Action item: Nothing but the lines from the one containing "Chanel Classic 2.55" to the end of the records that follow should be transcribed, each exactly, with the pictures left out.
*** Opening Material for this task ***
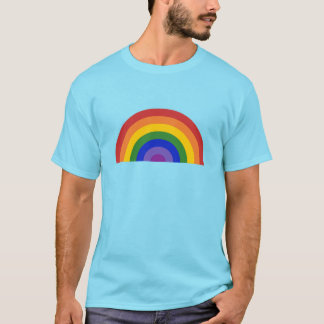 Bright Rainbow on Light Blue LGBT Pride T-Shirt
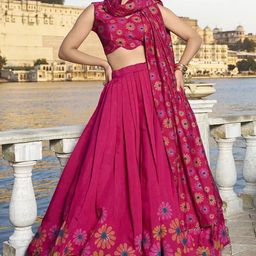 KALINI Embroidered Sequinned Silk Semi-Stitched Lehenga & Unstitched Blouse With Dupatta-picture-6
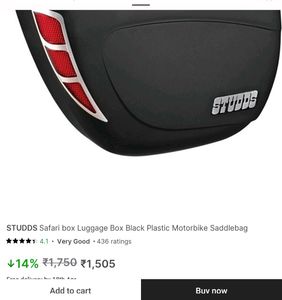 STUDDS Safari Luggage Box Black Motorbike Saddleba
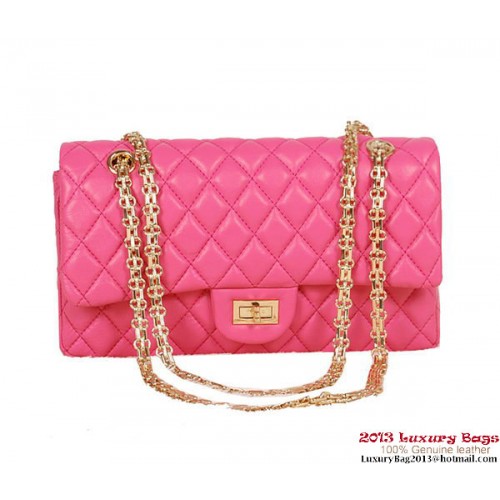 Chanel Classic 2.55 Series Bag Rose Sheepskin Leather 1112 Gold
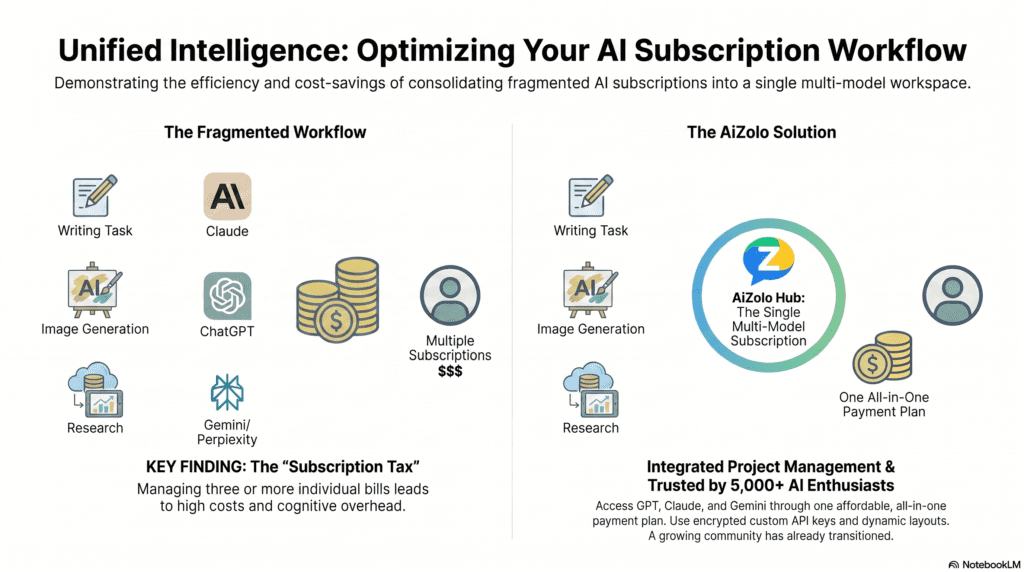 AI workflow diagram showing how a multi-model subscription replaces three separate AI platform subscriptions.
*** Closing Material for this task ***
Output below:
 Chanel Classic 2.55 Series Bag Rose Sheepskin Leather 1112 Gold
 AI workflow diagram showing how a multi-model subscription replaces three separate AI platform subscriptions.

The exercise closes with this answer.